Exercise instructions:
Restate word for word only the lines running from the one with "Tena Wet Wipes Salviette Umidificate 48pz" to the end of the data, both ends included. Omit any pictures.
Data provided section start
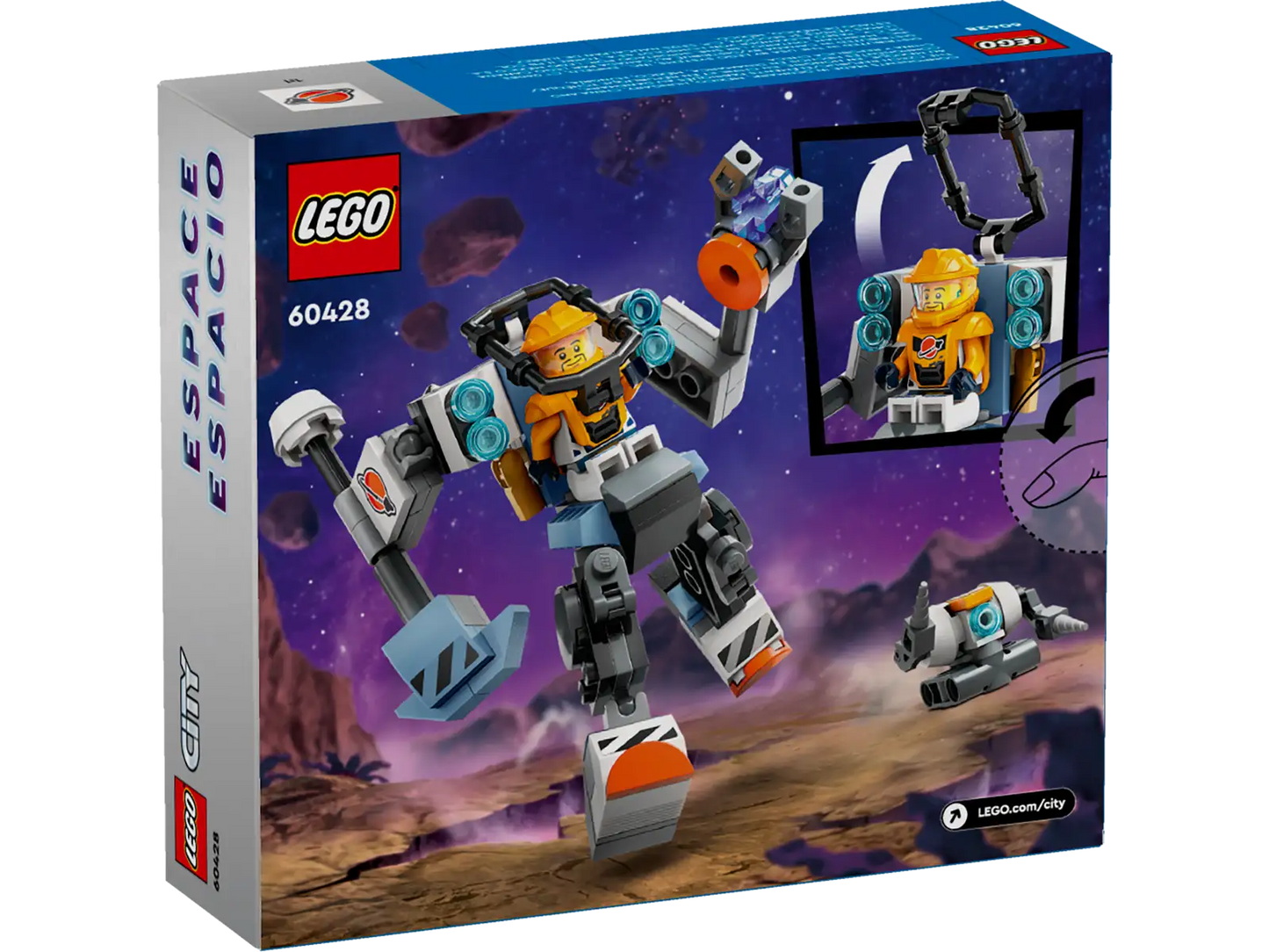 LEGO® City Space Construction Mech 60428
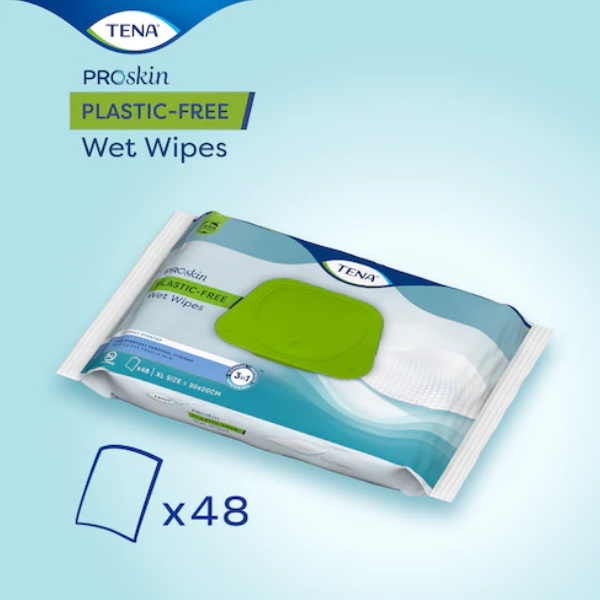 Tena Wet Wipes Salviette Umidificate 48pz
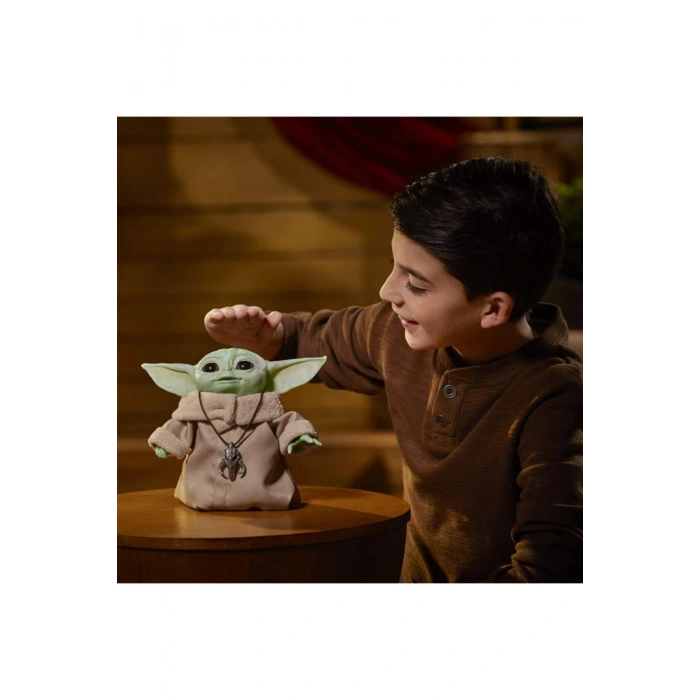 The Child Yoda, Animatronic Edition 7.2 Inç Boy Oyuncak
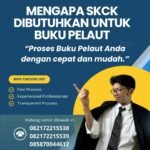 Mengapa skck dibutuhkan untuk buku pelaut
Data provided section end
Solution for this exercise:
 Tena Wet Wipes Salviette Umidificate 48pz
 The Child Yoda, Animatronic Edition 7.2 Inç Boy Oyuncak
 Mengapa skck dibutuhkan untuk buku pelaut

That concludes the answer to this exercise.